▶ **Material for this exercise**:
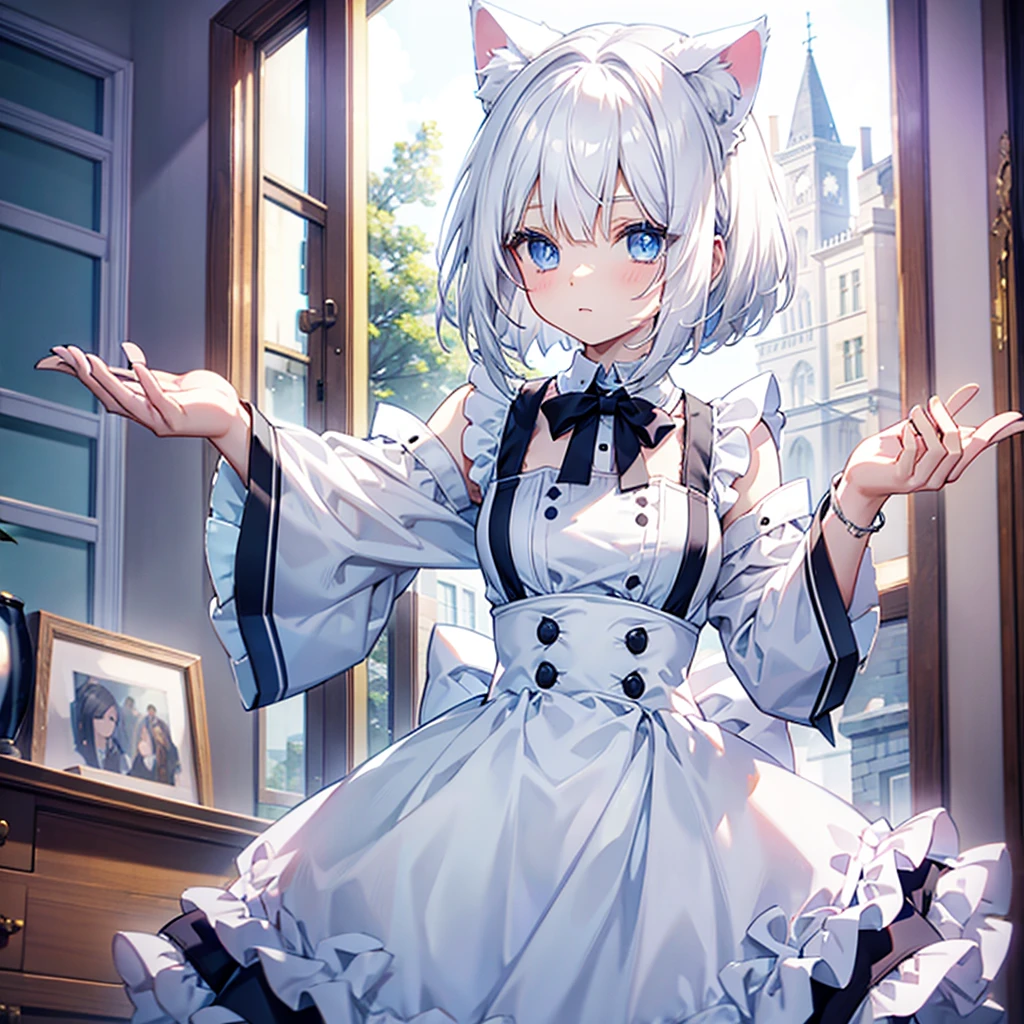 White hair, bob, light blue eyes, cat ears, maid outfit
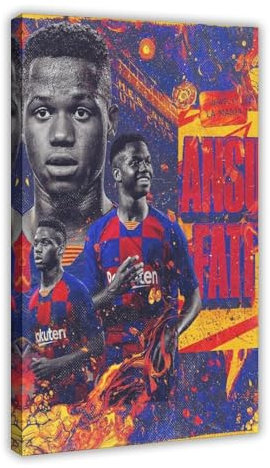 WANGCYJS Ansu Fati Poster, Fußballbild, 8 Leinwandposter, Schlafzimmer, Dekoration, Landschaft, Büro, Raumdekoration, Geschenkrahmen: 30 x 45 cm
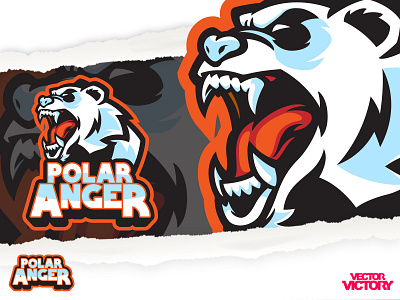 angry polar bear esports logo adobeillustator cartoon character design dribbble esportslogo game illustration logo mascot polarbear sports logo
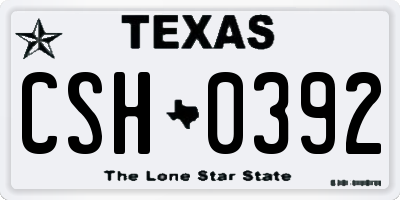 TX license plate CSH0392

...

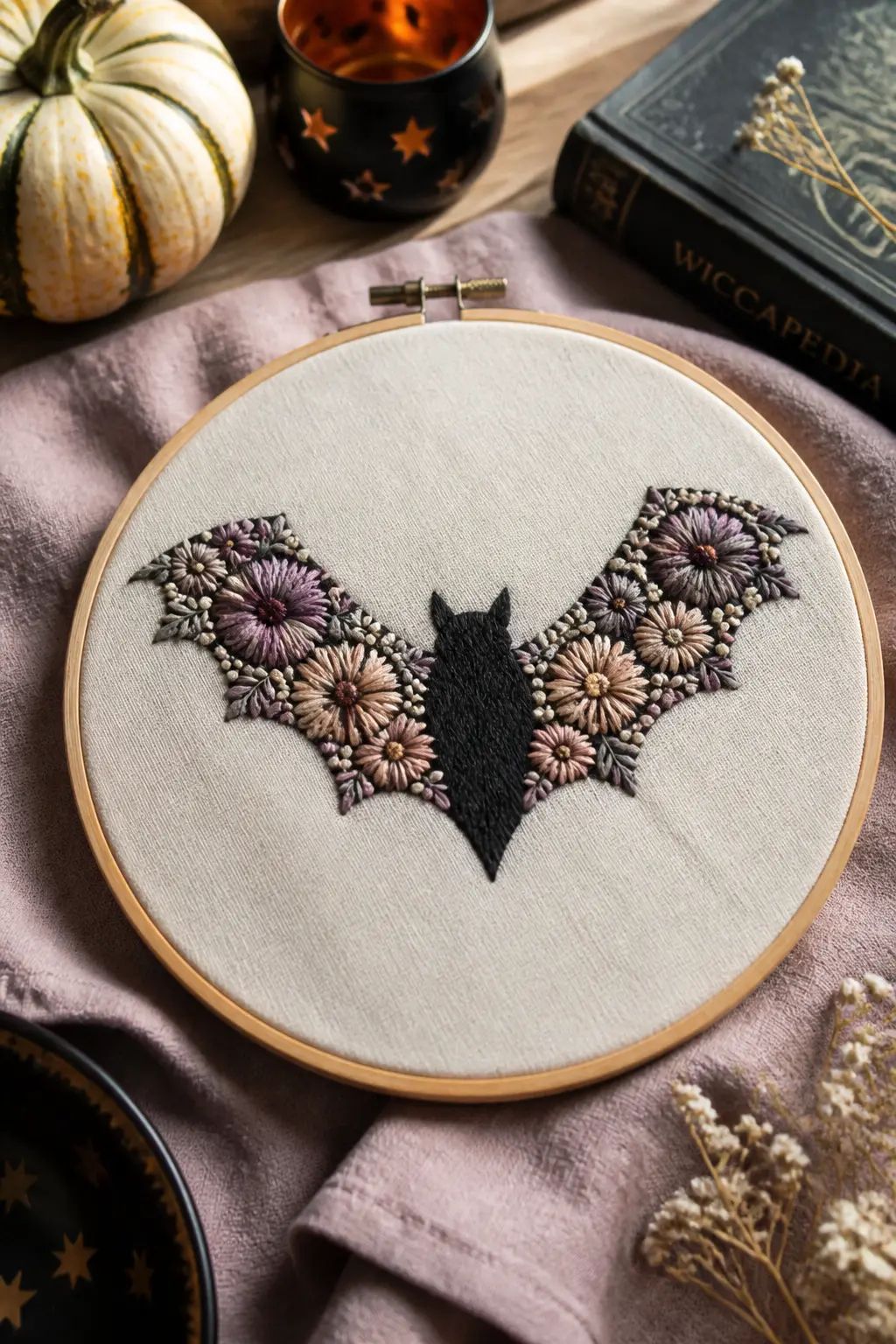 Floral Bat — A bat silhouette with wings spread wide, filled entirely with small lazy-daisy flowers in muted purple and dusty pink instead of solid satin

* * *

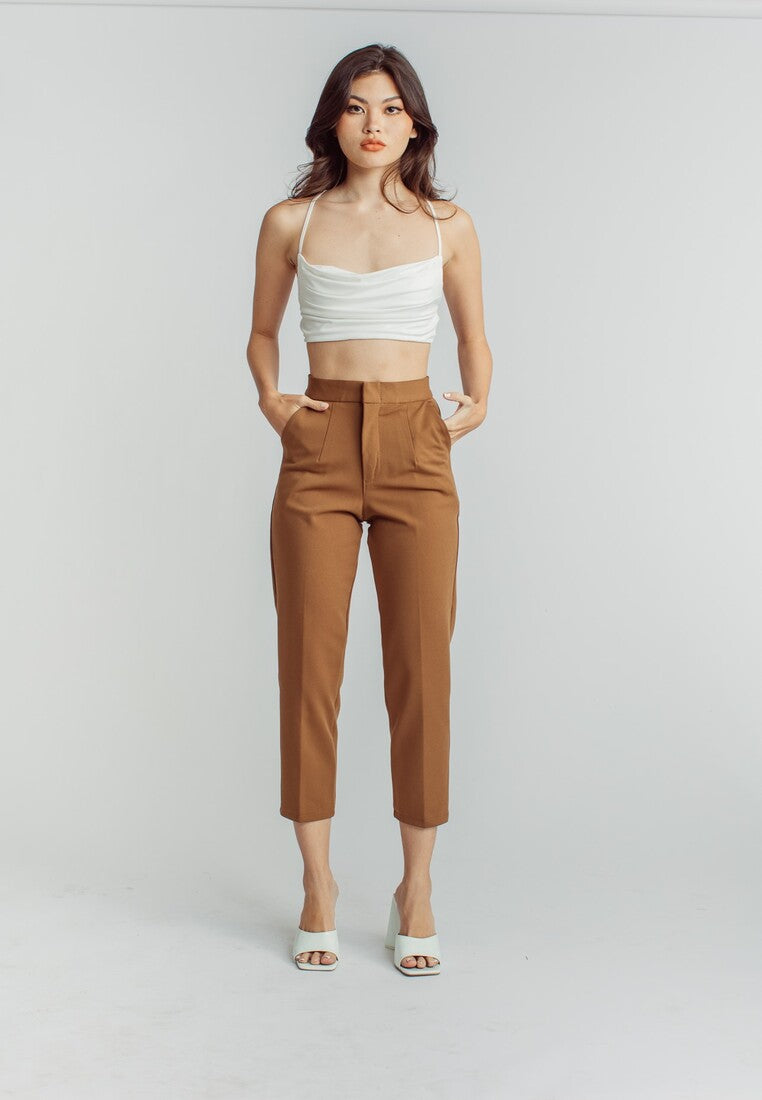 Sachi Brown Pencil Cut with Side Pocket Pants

▶ **Exercise instructions**: Print exactly, with no pictures, the lines above from the one that holds "White hair, bob, light" through the one that holds "WANGCYJS Ansu Fati", both of them included.

▶ **Task solution**:
 White hair, bob, light blue eyes, cat ears, maid outfit
 WANGCYJS Ansu Fati Poster, Fußballbild, 8 Leinwandposter, Schlafzimmer, Dekoration, Landschaft, Büro, Raumdekoration, Geschenkrahmen: 30 x 45 cm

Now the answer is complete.